WHAT ARE THE SOURCES OF NIGERIAN LAW
Sources of Nigerian law simply implies where Nigerian law came from.
WHAT ARE THE SOURCES OF NIGERIAN LAW
Sources of Nigerian law simply means where Nigerian law came from. The major question is that where did we get the present laws that we now call our own? However, Nigeria is a pluralized state due to its heterogeneous multicultural, ethnic and religious diversity. Many factors have played a significant role in shaping the present day Nigerian Legal System. Islamic law (in the north), local customs and traditions, English law, local legislations, court decisions and foreign laws are key players whenever discussion is to be made on the nature of the Nigerian legal system. Below are the sources of Nigerian law:
THE RECEIVED ENGLISH LAW
The contribution of English law to the Nigerian constitution has created a lasting impact to the Nigerian Legal System. This consists of the common law, doctrines of equity and statutes of general application which were applicable in Britain on or before 1st January 1900.
In the same vein, this was made applicable to Nigeria as a result of Her colonization. The Interpretation Act receives English law in S.32(1) provides that the rules of common law, the doctrines of equity and statutes of general application which are within the competence of the federal legislature in existence before 1900 shall be in force in Nigeria.Thus, the laws applicable in Britain were also applicable in Nigeria.
These are laws made by the law makers of Nigeria.This is the most important of the sources of Nigerian law. The basic reason why legislation is considered the most important source of law in Nigeria is because Nigerian legislation gives life to other sources of law.
The Nigerian legislation is classified into statute or subsidiary legislation. Statutes are laws that originate from any chamber of the National Assembly. Subsidiary legislation on the other hand legislation that comes from a body other than the legislature is referred to as subsidiary legislation. Also known as delegated legislation.
JUDICIAL PRECEDENT/CASE LAW
Judicial precedent originates from the principle of stare decisis which means ‘let the decision stand’. Precedents are also called Judge made laws. It implies that similar cases must be dealt with similarly.
In order to achieve consistency and predictability in the administration of justice, this is being done. Therefore, judicial precedent, also known as stare decisis or case law, can be described as a court's decisions that are based on the relevant facts of a case.

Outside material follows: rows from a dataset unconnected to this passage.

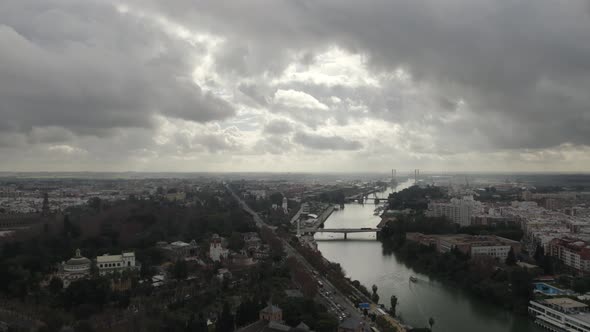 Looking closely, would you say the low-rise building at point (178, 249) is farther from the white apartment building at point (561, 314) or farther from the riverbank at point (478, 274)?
the white apartment building at point (561, 314)

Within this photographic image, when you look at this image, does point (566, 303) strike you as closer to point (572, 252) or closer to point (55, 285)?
point (572, 252)

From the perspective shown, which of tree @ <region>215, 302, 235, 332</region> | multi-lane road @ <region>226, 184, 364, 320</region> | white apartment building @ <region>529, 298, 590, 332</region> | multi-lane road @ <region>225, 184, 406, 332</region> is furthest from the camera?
multi-lane road @ <region>226, 184, 364, 320</region>

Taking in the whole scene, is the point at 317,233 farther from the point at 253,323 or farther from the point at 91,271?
the point at 253,323

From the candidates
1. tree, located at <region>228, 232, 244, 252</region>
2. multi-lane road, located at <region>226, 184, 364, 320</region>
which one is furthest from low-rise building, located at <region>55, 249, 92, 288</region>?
multi-lane road, located at <region>226, 184, 364, 320</region>

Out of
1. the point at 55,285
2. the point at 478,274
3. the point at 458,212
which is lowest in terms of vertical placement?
the point at 478,274

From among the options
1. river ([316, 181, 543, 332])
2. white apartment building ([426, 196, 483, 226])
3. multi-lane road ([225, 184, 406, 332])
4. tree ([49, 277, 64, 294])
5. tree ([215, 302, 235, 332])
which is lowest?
river ([316, 181, 543, 332])

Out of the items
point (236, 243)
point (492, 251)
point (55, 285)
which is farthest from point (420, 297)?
point (55, 285)

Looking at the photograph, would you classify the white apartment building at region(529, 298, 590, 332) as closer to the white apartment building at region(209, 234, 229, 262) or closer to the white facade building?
the white apartment building at region(209, 234, 229, 262)
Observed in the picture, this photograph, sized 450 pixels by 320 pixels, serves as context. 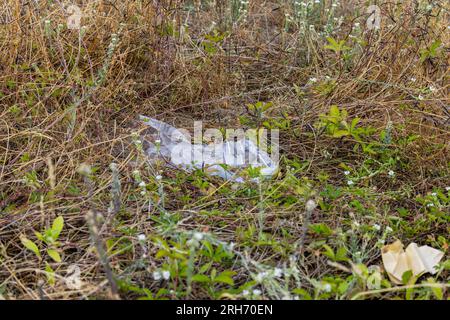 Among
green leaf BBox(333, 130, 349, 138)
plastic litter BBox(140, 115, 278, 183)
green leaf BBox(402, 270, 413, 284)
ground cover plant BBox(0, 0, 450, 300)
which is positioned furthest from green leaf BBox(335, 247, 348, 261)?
green leaf BBox(333, 130, 349, 138)

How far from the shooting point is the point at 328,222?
2.09 m

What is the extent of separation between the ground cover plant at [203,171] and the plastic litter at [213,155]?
71mm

Not all aspects of a decision are significant in deciding the legal principle adopted. When deciding the case in court, the ratio decidendi is important. However, the other parts of the judgment called the Obiter Dictum are not entirely useless. Even though an obiter dictum isn't truly a judgment in the moment, it may be used as a ratio decidendi in the future.
Customary law are the laws of the native or indigenous peoples of Nigeria prior to the advent of the colonialists. Also according to the Evidence Act, custom is “a rule which in a particular district, has from long usage, obtained the force of law. Prior to British colonisation, parts of Nigeria that are non-Muslims acted on customary law in their day to day activities.
For the courts to accept any customary law, it must contain certain characteristics, first of which is that the custom must be in existence at the time the issue in question is brought before the court. Secondly, a custom must be a custom that is well recognised.